TASK STATEMENT: Pictures aside, copy exactly each line from the one that holds "Hands holding green herbs" through the last line of the records below.

RECORDS PROVIDED:
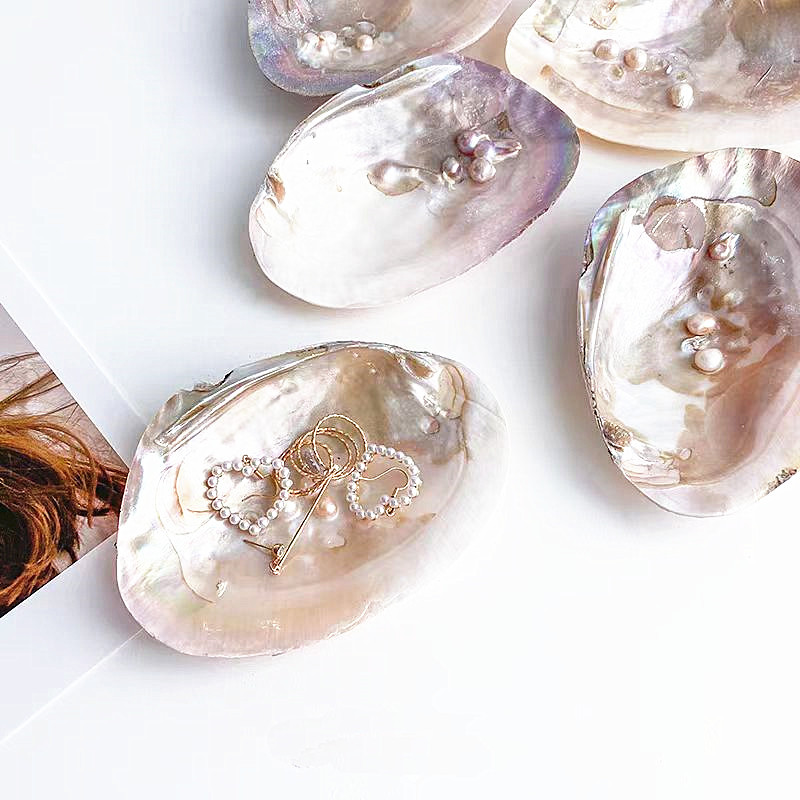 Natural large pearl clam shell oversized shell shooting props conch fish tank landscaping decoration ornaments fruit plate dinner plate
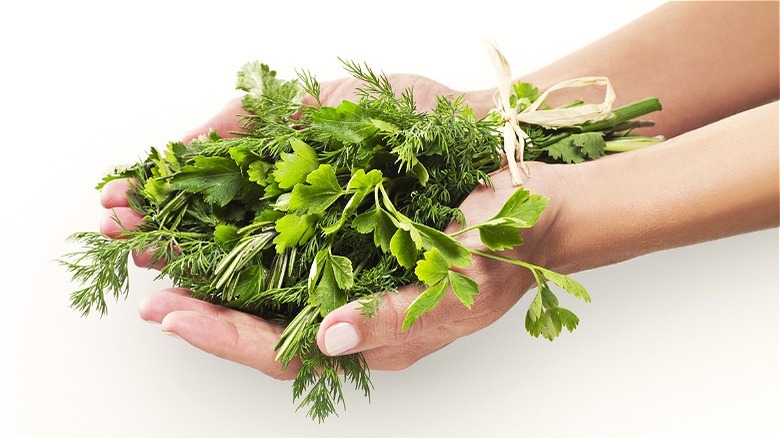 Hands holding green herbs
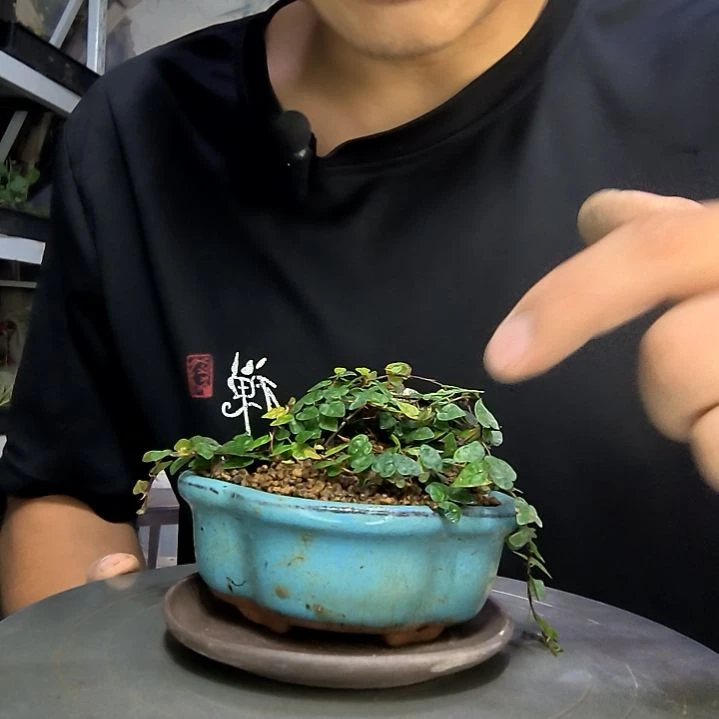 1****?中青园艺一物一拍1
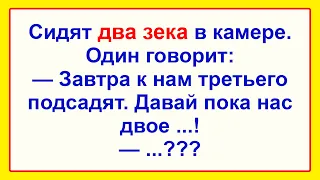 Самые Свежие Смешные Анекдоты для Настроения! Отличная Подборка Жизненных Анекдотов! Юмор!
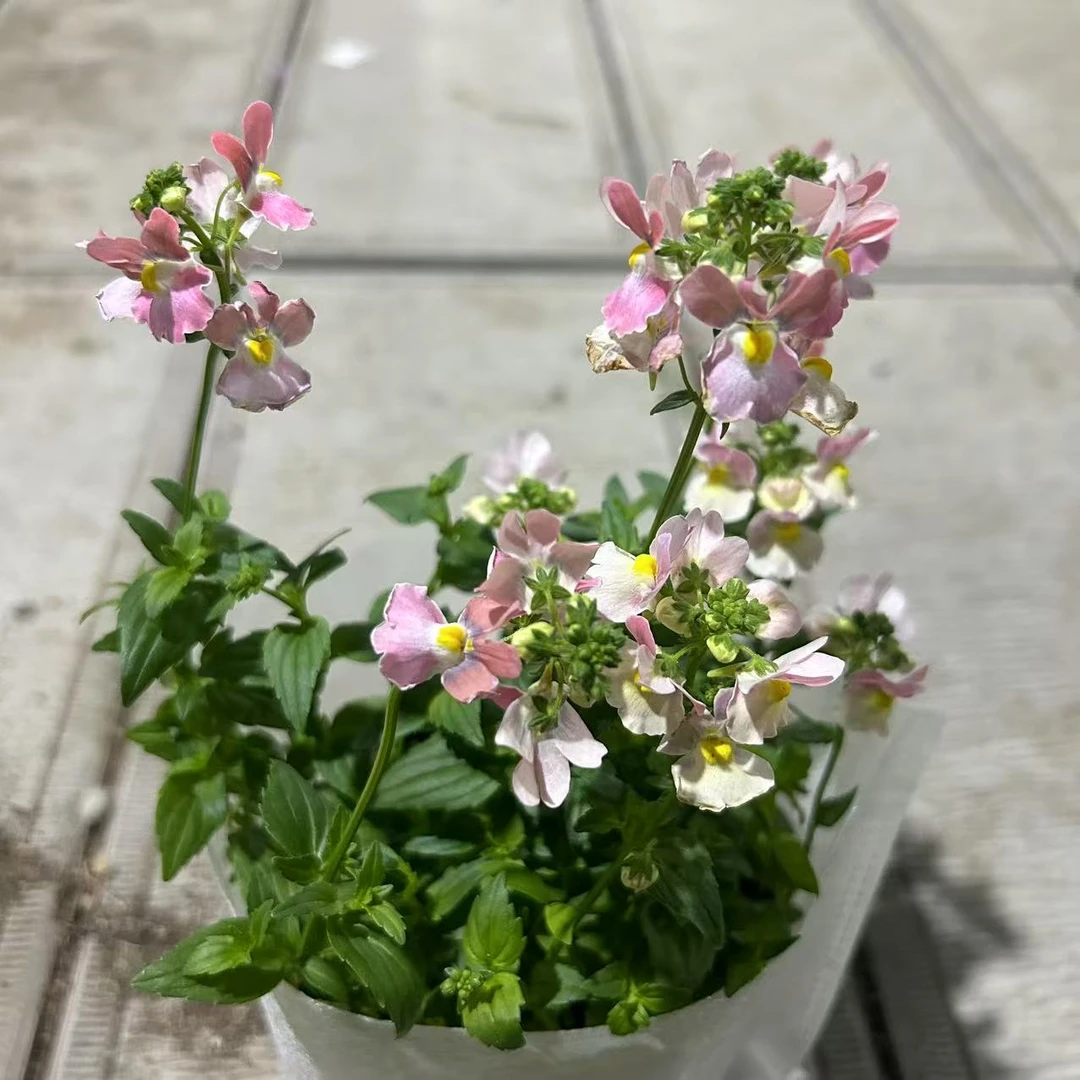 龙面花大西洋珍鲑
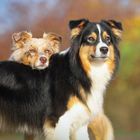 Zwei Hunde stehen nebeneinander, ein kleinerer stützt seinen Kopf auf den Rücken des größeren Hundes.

SOLUTION TO THIS TASK:
 Hands holding green herbs
 1****?中青园艺一物一拍1
 Самые Свежие Смешные Анекдоты для Настроения! Отличная Подборка Жизненных Анекдотов! Юмор!
 龙面花大西洋珍鲑
 Zwei Hunde stehen nebeneinander, ein kleinerer stützt seinen Kopf auf den Rücken des größeren Hundes.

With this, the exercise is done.